# Finding best time to publish post on Hacker news to get more audience

## Introduction

In this project we'll aim to find the best time to populate our post on [Hacker News](https://news.ycombinator.com/). This is a popular webside where users can publish technology related stories and vote or comment them. We are going to explore two types of posts **Ask HN** or **Show HN** which are prefixes for each post in which the user is asking some question and when the user is discribing some new idea respectively. 

We will work on **hacker_news.csv** dataset which can be downloaded at [Link](https://www.kaggle.com/hacker-news/hacker-news-posts/version/1). To make our recommendation we are going to find out:
- What type of post recieve more comments on average?
- What type of post recieve more comments on average?
- Do posts created at a certain time recieve more comments on average?

### Summary of results

After analyzing the data, we could conclude that the best time to populate your post on Hacker news is 21:00 EST time zone.

For more details, please refer to the full analysis below.

## Data analysis

### Importing data and removing header
We will start from importing **csv** module and constructing the list with our data.

In [3]:
from csv import reader
import datetime as dt

openObj=open('data//hacker_news.csv', encoding="utf-8")
hn=list(reader(openObj))

# Serarating header from data
headers=hn[0]
hn=hn[1:]
print(headers)
print(hn[0:3])

['id', 'title', 'url', 'num_points', 'num_comments', 'author', 'created_at']
[['12224879', 'Interactive Dynamic Video', 'http://www.interactivedynamicvideo.com/', '386', '52', 'ne0phyte', '8/4/2016 11:52'], ['10975351', 'How to Use Open Source and Shut the Fuck Up at the Same Time', 'http://hueniverse.com/2016/01/26/how-to-use-open-source-and-shut-the-fuck-up-at-the-same-time/', '39', '10', 'josep2', '1/26/2016 19:30'], ['11964716', "Florida DJs May Face Felony for April Fools' Water Joke", 'http://www.thewire.com/entertainment/2013/04/florida-djs-april-fools-water-joke/63798/', '2', '1', 'vezycash', '6/23/2016 22:20']]

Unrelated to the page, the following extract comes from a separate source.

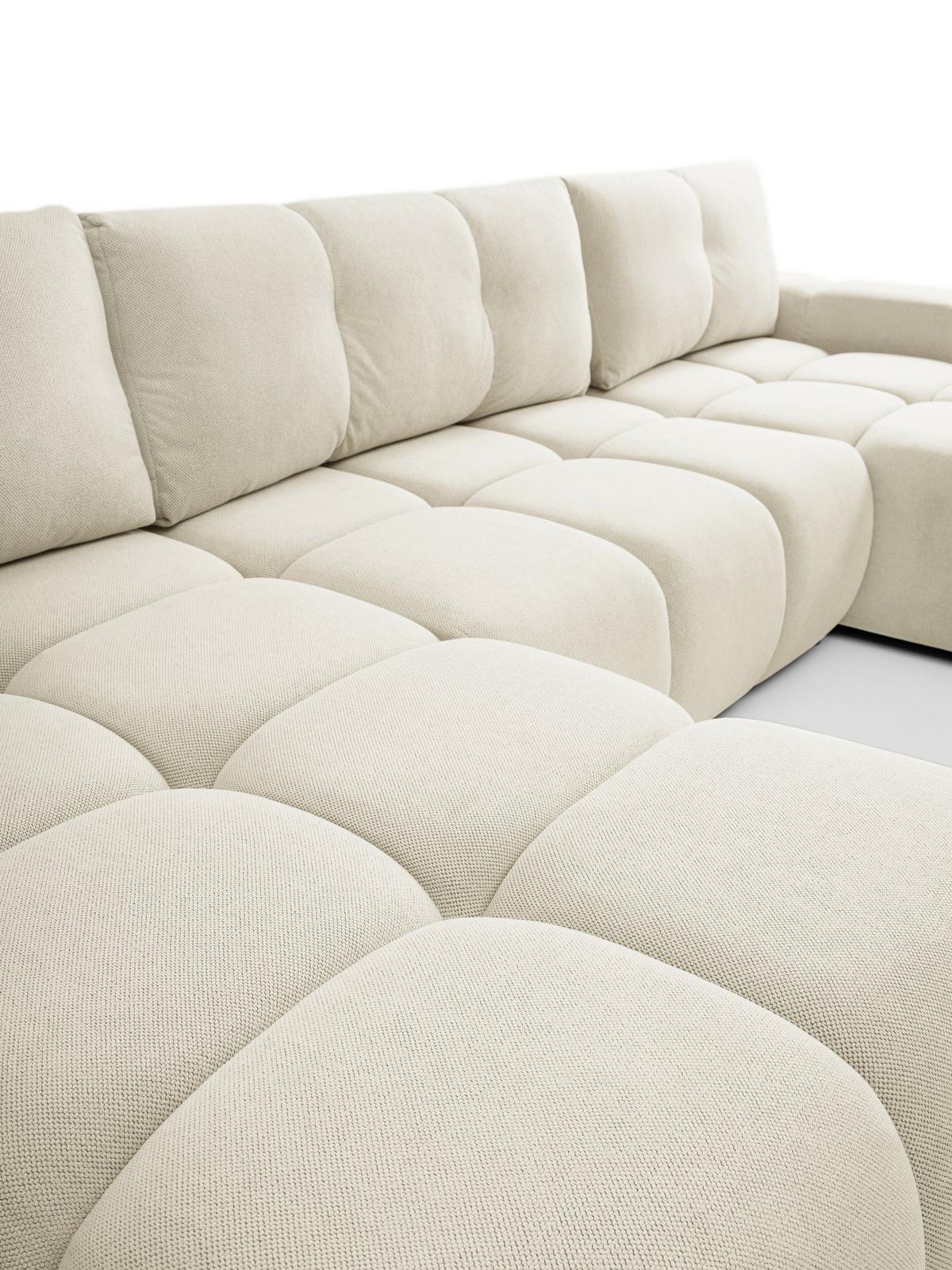 WOHNLANDSCHAFT DUCA U Beige Jersey mit Schlaffunktion - Beige, Holz (359/88/177cm) - MASSENO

Here we have imported our dataset and separeted the header from the data. We printed a first few line of our data. Now lets split our posts into 3 categories: **ask_posts**, **show_posts** and **other_posts**. 

### Spliting posts into 3 categories

In [4]:
ask_posts=[]
show_posts=[]
other_posts=[]

for row in hn:
    title=row[1]
    
    # Building a list of show type posts
    if title.lower().startswith('show hn'):
        show_posts.append(row)              
    
    # Building a list of ask type posts
    elif title.lower().startswith('ask hn'):
        ask_posts.append(row)
    
    # Keeping the rest post in the other post list
    else:
        other_posts.append(row)
        
print(len(show_posts),len(ask_posts),len(other_posts))

1162 1744 17194


We are interested in **ask_posts** and **show_posts** type comments. As we can see the first type of questions appears **1162** times in our dataset and the second type **1744** times. The rest is other category.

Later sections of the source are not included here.